Poupanças educacionais: diferentemente dos vouchers, esse dinheiro pode ser usado em qualquer escola particular, mesmo em uma que não aderiu ao programa. Neste caso, o estado coloca o dinheiro em uma conta individual por estudante, e o valor pode ser usado para bancar (parcial ou totalmente) a mensalidade em uma escola particular ou as despesas do homeschooling (educação domiciliar).

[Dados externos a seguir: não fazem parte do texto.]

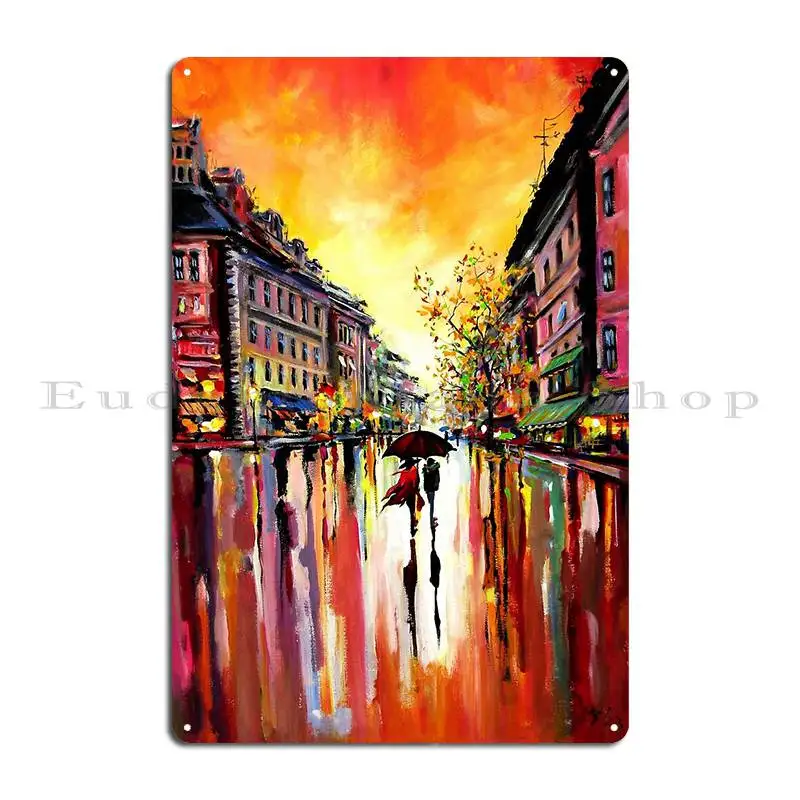 Металлическая табличка Warm Lights In The Night Leonid Afremov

Caso opte por uma escola privada cuja mensalidade seja maior que o valor do benefício, caberá à família arcar com a diferença de valor.
Bolsas de crédito fiscal: o estado concede créditos fiscais (como desconto ou isenção de impostos) a empresas que doarem dinheiro para uma organização que gerencia bolsas escolares. Os alunos que atenderem aos requisitos e forem beneficiados pelo programa podem usar o dinheiro da bolsa para pagar mensalidades em uma escola particular.
➡️Quem é beneficiado? Importante: as instituições de ensino não são obrigadas a admitir qualquer estudante.

Em muitos casos, o programa só aceita alunos inscritos que se encaixa em uma das categorias:

pessoas com deficiência;
crianças de famílias de baixa renda;
alunos matriculados em escola pública que tenha um sistema educacional falho.
➡️É o mesmo projeto defendido pelo PL paranaense? Não. Como afirmado mais acima, o Paraná não menciona a emissão de vouchers.

➡️Tem dado certo? Para Simielli, a política pode, sim, ser positiva para o cenário educacional do país.

“Entre voucher e charter [entenda mais abaixo], o voucher [nos casos em que é direcionado a grupos específicos] tem mais impacto, porque é possível selecionar os alunos que serão beneficiados. Pode ser um critério de renda, por exemplo, ou de deficiência, fazendo uma classificação de quem precisa [do auxílio]”, avalia.